Trotzdem ist dieser Beschluss in der Praxis fatal – insbesondere, da zwar die ständige Rechtsauffassung, dass „die Systematik des Aufenthaltsgesetzes grundsätzlich keinen Raum für einen ungeregelten Aufenthalt“ lässt, aufgegriffen wird und gesagt wird, dass ein einfaches Nichtbetreiben der Abschiebung durch die Ausländerbehörde nicht zulässig ist, gleichzeitig aber stellt der VGH fest, dass ein solches Verhalten der ABH keinen Duldungsgrund darstellt.
Link zum Beschluss: https://www.rv.hessenrecht.hessen.de/bshe/document/LARE250000506
Leitsätze:
- Die tatsächliche Hinnahme des Aufenthalts außerhalb einer förmlichen Duldung, ohne dass die Vollstreckung der Ausreisepflicht betrieben wird, sieht das Gesetz nicht vor.
- Das bloße Fehlen konkreter Vollstreckungsbemühungen erfüllt für sich allein keinen der gesetzlich normierten Duldungstatbestände, sodass ohne das Hinzutreten weiterer Umstände nicht auf eine rechtliche oder tatsächliche Unmöglichkeit der Abschiebung geschlossen werden kann.
- Die zuständige Ausländerbehörde hat bei der Entscheidung, ob sie eine Duldung erteilt, oder die Ausreisepflicht nach § 59 Abs. 1 Satz 4 AufenthG verlängert und eine entsprechende Bescheinigung ausstellt, eine Prognoseentscheidung über die Durchführbarkeit der Abschiebung zu treffen.

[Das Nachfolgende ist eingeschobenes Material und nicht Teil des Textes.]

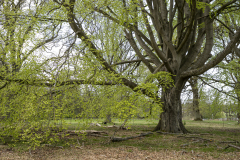 28-Aldershvile_apr2025_PS_LR_foto2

- Kommt die Ausländerbehörde zu dem Ergebnis, dass die Abschiebung nicht ohne Verzögerung durchgeführt werden kann oder der Zeitpunkt der Abschiebung ungewiss ist, ist eine Duldung zu erteilen, wobei als zeitlicher Maßstab auf die in § 50 Abs. 2 Satz 2 AufenthG vom 30. Juli 2004 (BGBl. I Seite 1950) enthaltene maximale Ausreisefrist von sechs Monaten zurückgegriffen werden kann.